[Short web captions]

= Beginning of Section =

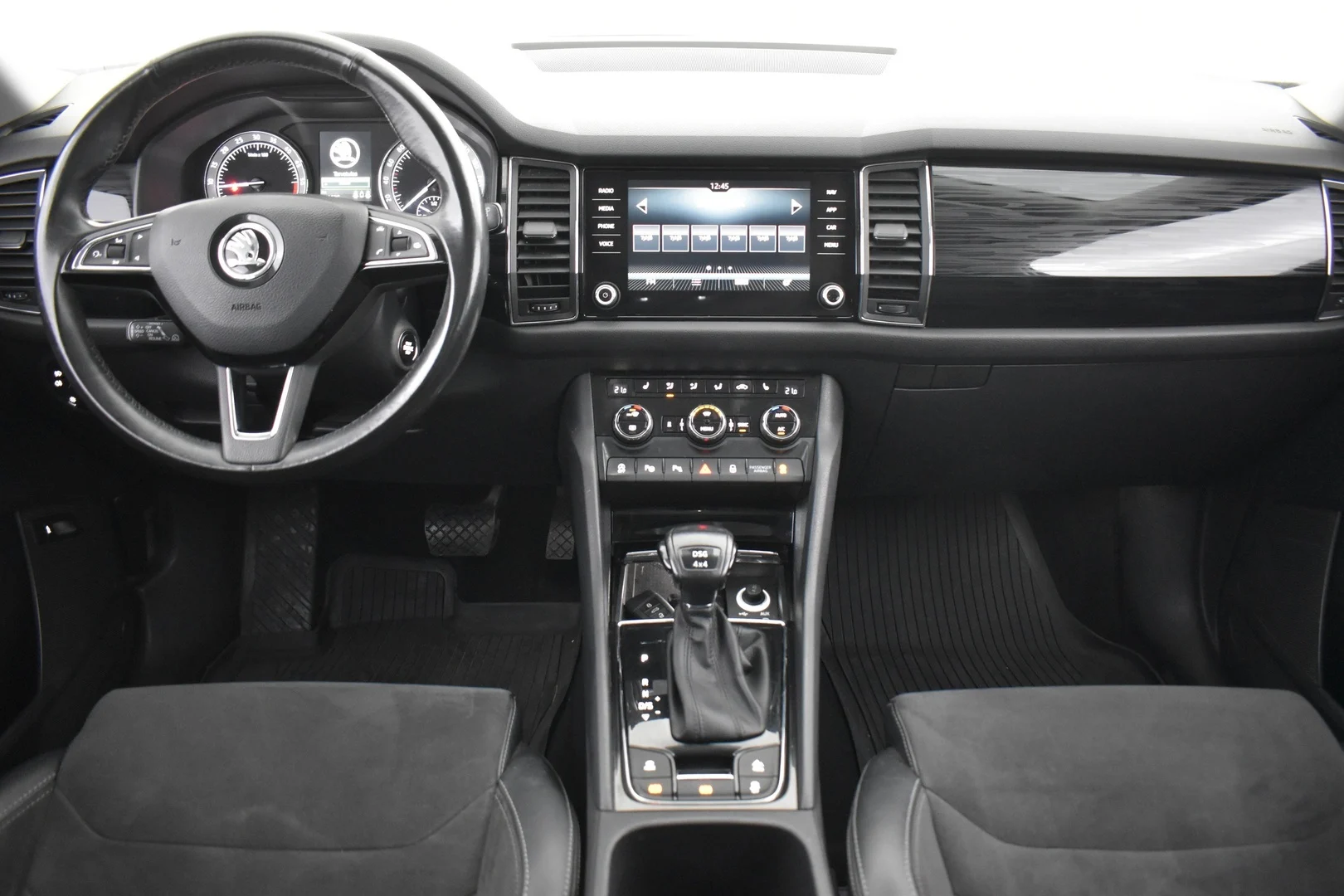 Car Image - 5hLoFwjJbZWoS6aWXnRJw1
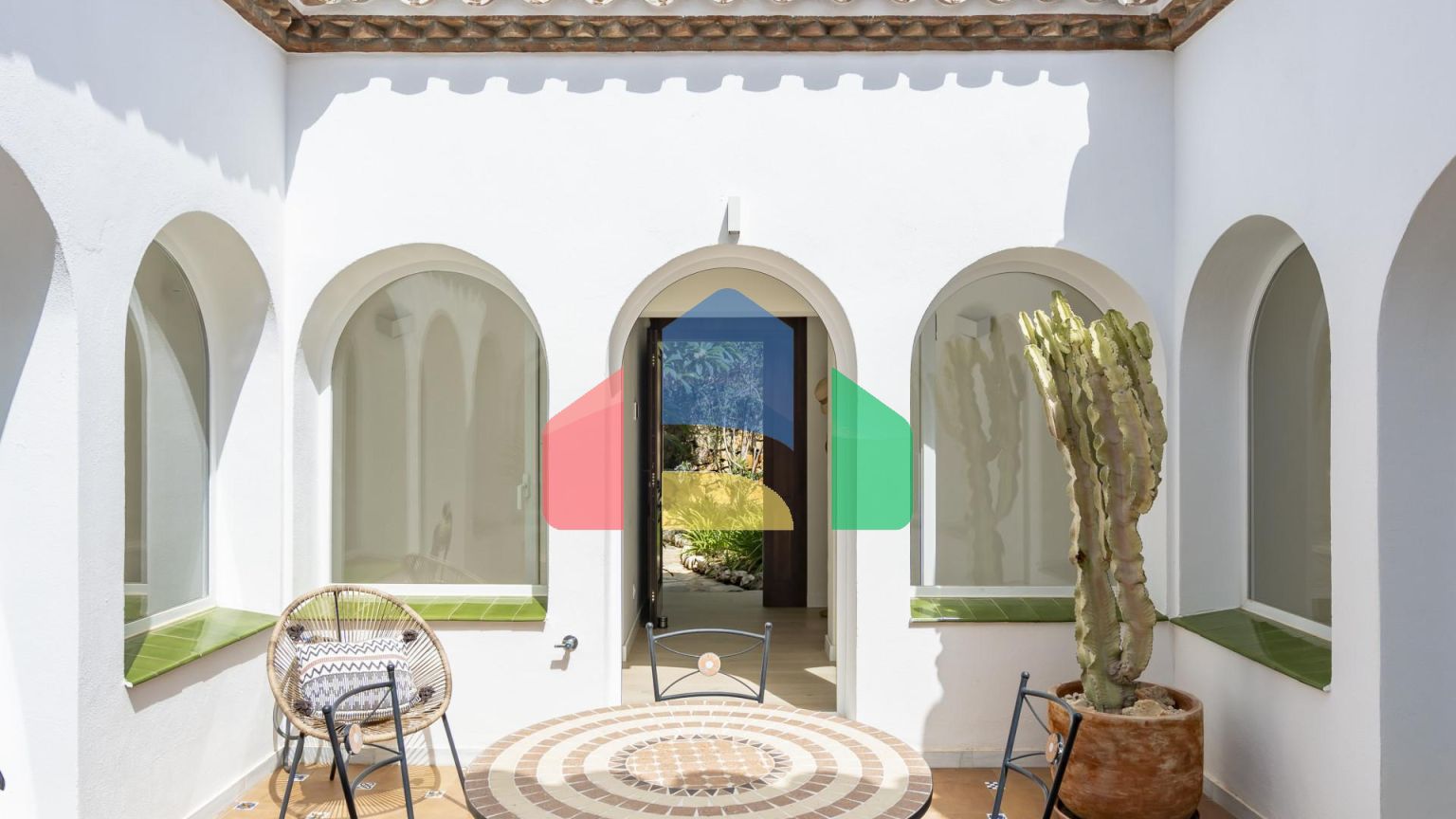 Изысканная обновленная вилла в Эль Параисо Альто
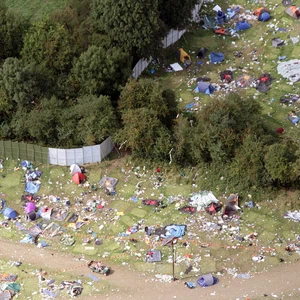 بالصور : ليست منطقة منكوبة بإعصار .. حفلة صاخبة في بريطانيا تترك مئات الأطنان من النفايات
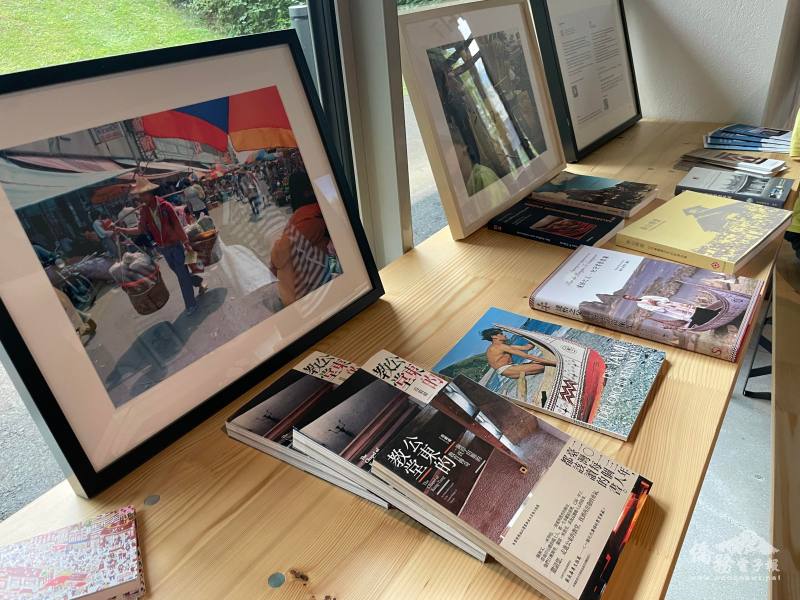 現場展示中德文白冷會書籍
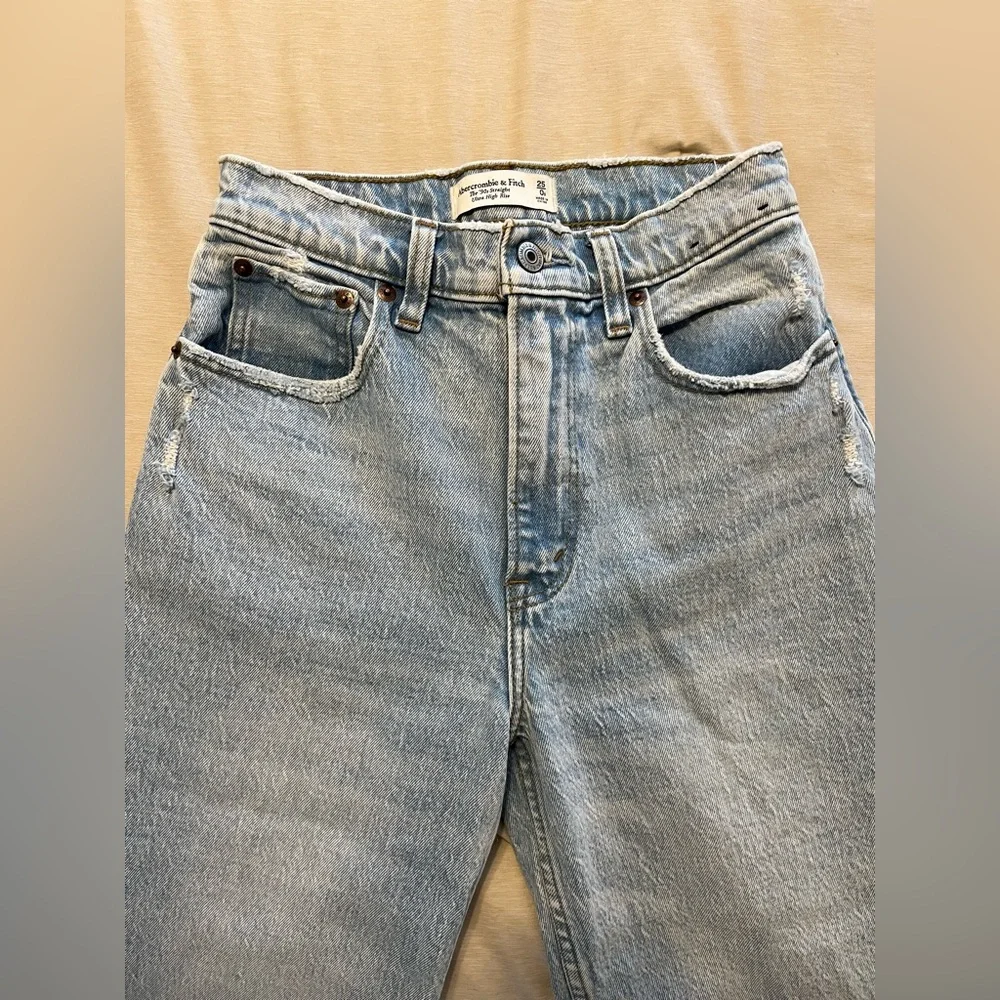 Abercrombie & Fitch High Rise Jeans - Dark Blue & Light Blue - Picture 6 of 10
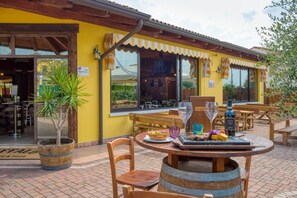 Breakfast served  - Villa Camporosso (Lazise)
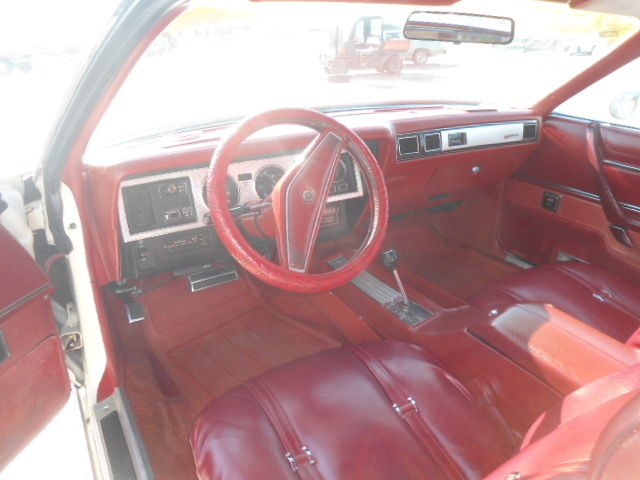 1979 White Chrysler 300 Series 2dr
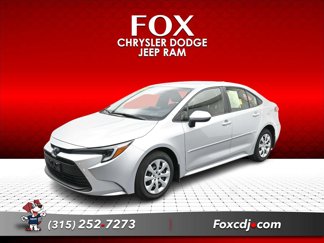 Used 2025 Toyota Corolla LE image 1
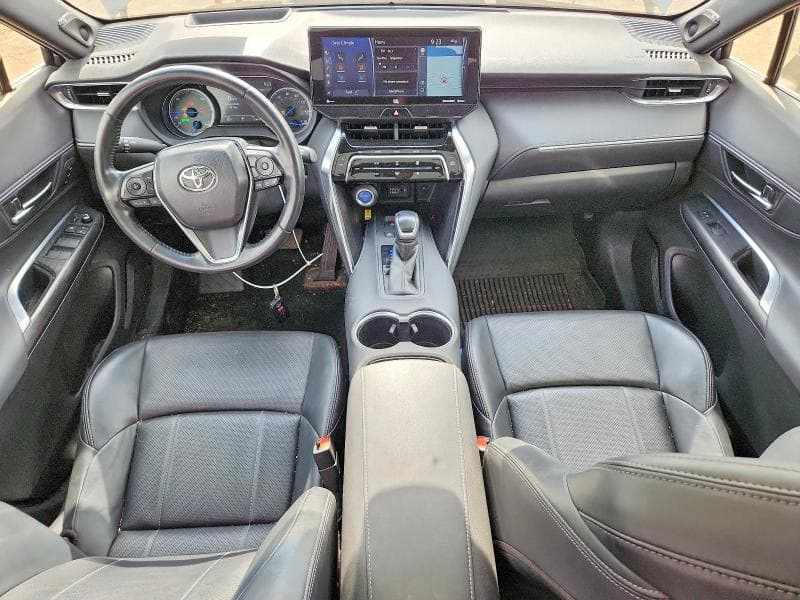 2021 TOYOTA VENZA LIMITED 8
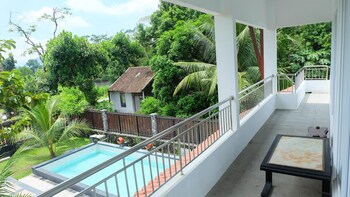 villa prambanan jogja with private swimming pool by simply homy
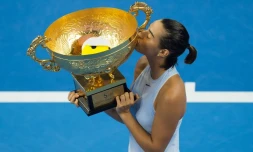Caroline Garcia victorieuse de Simona Halep en finale du tournoi de Pékin, le 8 octobre 2017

= End of Section =

**WORK REQUIRED:**
In the data, the line that contains "Abercrombie & Fitch" begins the part to write out; restate it and each line after it word for word through the end, with no pictures.

**SOLVED EXERCISE:**
 Abercrombie & Fitch High Rise Jeans - Dark Blue & Light Blue - Picture 6 of 10
 Breakfast served  - Villa Camporosso (Lazise)
 1979 White Chrysler 300 Series 2dr
 Used 2025 Toyota Corolla LE image 1
 2021 TOYOTA VENZA LIMITED 8
 villa prambanan jogja with private swimming pool by simply homy
Caroline Garcia victorieuse de Simona Halep en finale du tournoi de Pékin, le 8 octobre 2017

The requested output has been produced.